Vietnamese Piano
Haunting the music is the timbre of the Vietnamese Piano. It’s the chill that trickles down the line of the spine, before nestling into the worn corners of the skin.
Covered in fog, the dull colour of the evening light smears the piano’s tone. She is old and dusty, but determined nonetheless. She coughs out the notes in the black of the night. The atmosphere is a spacious one, where the threat of permanent absence is near, so near, and with this ever-widening gap comes a penetrating cold, filtering casually into the music from the womb of the void. It’s a subtle strike, claiming the piano’s potential warmth and replacing it with the cooler degrees of the dusk.
Vietnamese Piano was recorded during the evening, in real time. Some of the music has seen itself severed, cut abruptly, permitting entry to the breeding of uncertainty and the brooding of apprehension. Some pieces trail off with no real resolution, unfinished business left permanently to decay. Speaking of decay, the notes trail off into the distance, powdered by a healthy smack of reverb.
You can picture the house in Hanoi, the environment shaping the contours of the music, curving the body of the drone against the sparse piano. The black and white tone is the kind that drains the sky of its rainbow and the house of its comfort, stripping it all back until the notes are left to hang there, bare, vulnerable in the failing light.

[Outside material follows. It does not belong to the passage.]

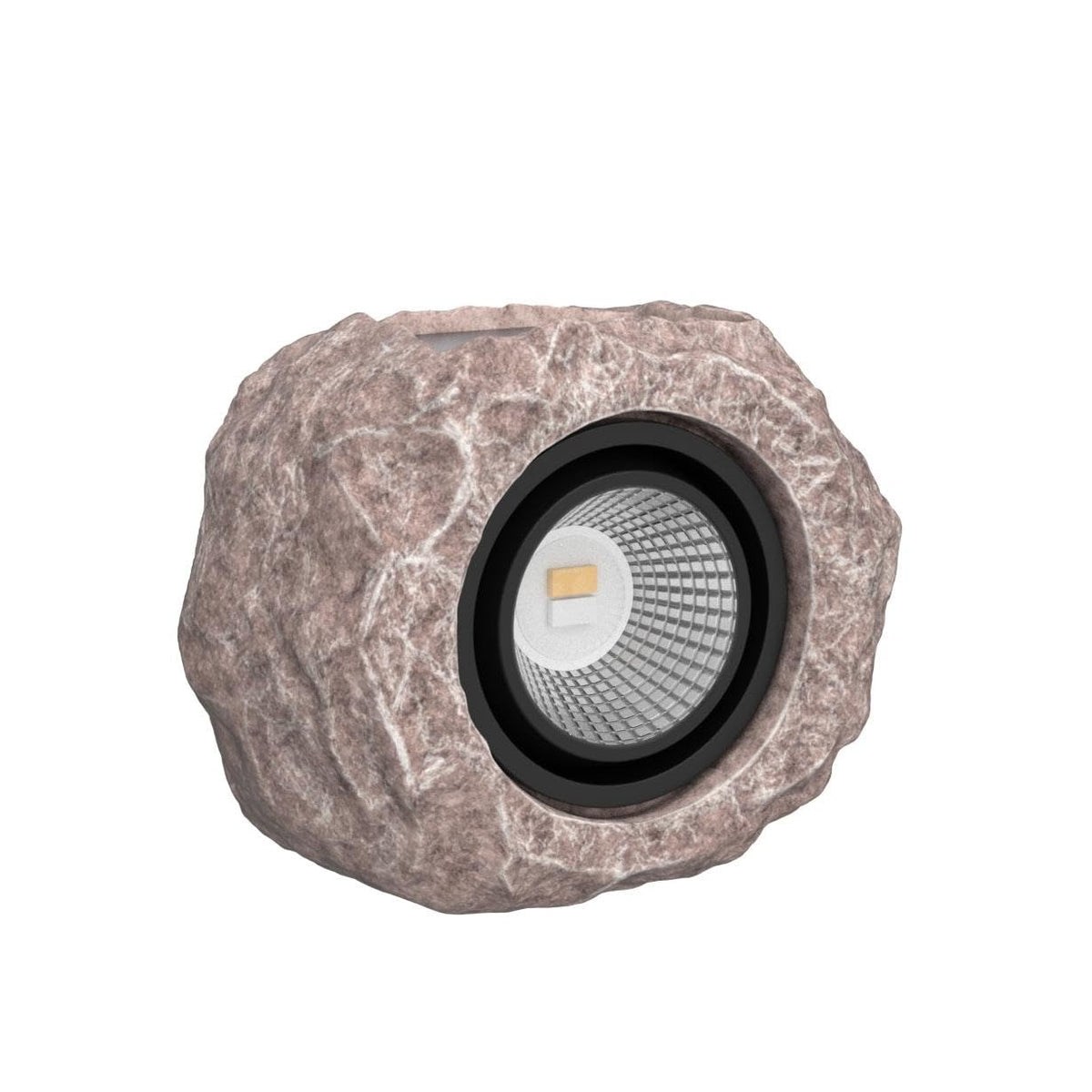Timeflies Solar Rock Lights adjust the light head angle to highlight features.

The deep electronic can be heard on the sub-level, as if it were a humming halogen, intermittent in its outpouring of light. It’s the ink in the tunnel, lifeless obsidian, the underground parking lot in the dead of night. In a dark recess, the cobwebs are spun and the black spiders scuttle; their concentric circle is secluded away, but it is there nevertheless. Their descendants are ancient creatures, as old as the piano herself. The background hiss could be the sound of a faraway wind, coming closer and closer.
Like a solar eclipse, the notes drain the colour out of the day. Some of the opening notes come as a shock to the system, as if there never were a day to begin with. Vietnamese Piano has the feel of the evening tucked away in its very soul, the dusk that has no desire or inclination to seek out the sun.
The music of the Vietnamese Piano was never intended for release, just like the nest of spiders that so wanted to stay underneath the boards. They were never supposed to see the pale light of the sunset, yet here they are. One thing is for sure: Vietnamese Piano hides something, something that lurks vaguely behind the rolling, low-level bank of clouds. In the fog, there is never the opportunity to find out. It never lifts.